◆ **Work request**
When you reach the line with "4 bedroom House", transcribe it and each line after it through the last one below, exactly. Pictures stay out.

◆ **Data provided**
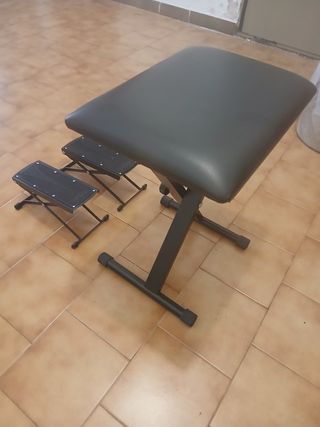 Sgabello pianoforte o chitarra e due poggiapiedi.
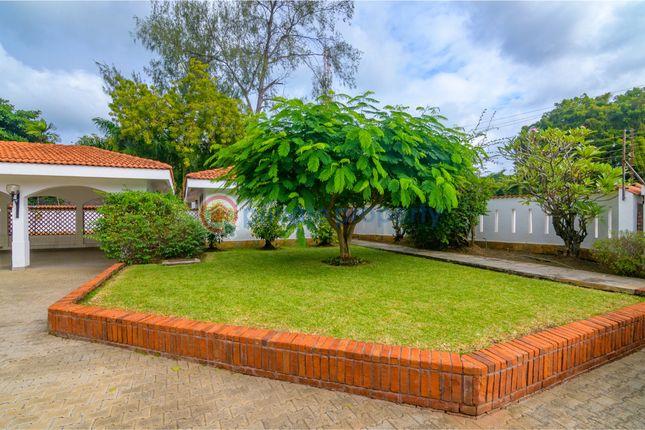 4 bedroom House For Sale Nyali Mombasa  - 1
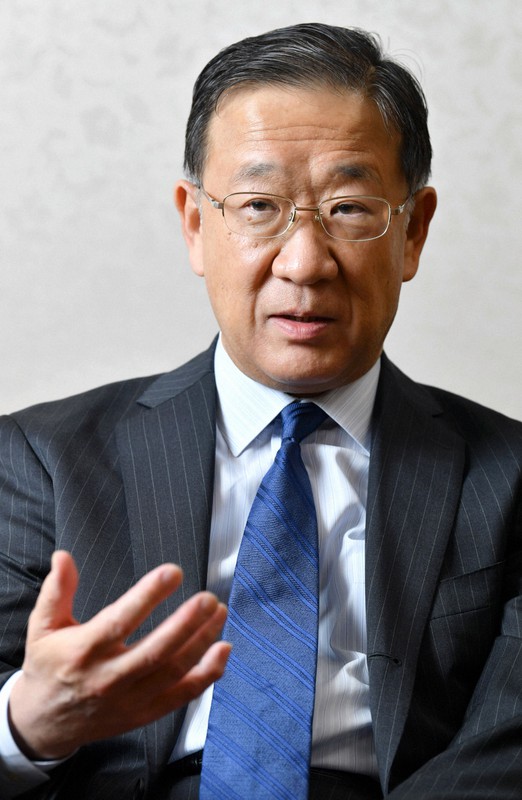 インタビューに答える公正取引委員会の古谷一之委員長=東京都千代田区で2020年10月15日、西夏生撮影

◆ **Written reply**
 4 bedroom House For Sale Nyali Mombasa  - 1
 インタビューに答える公正取引委員会の古谷一之委員長=東京都千代田区で2020年10月15日、西夏生撮影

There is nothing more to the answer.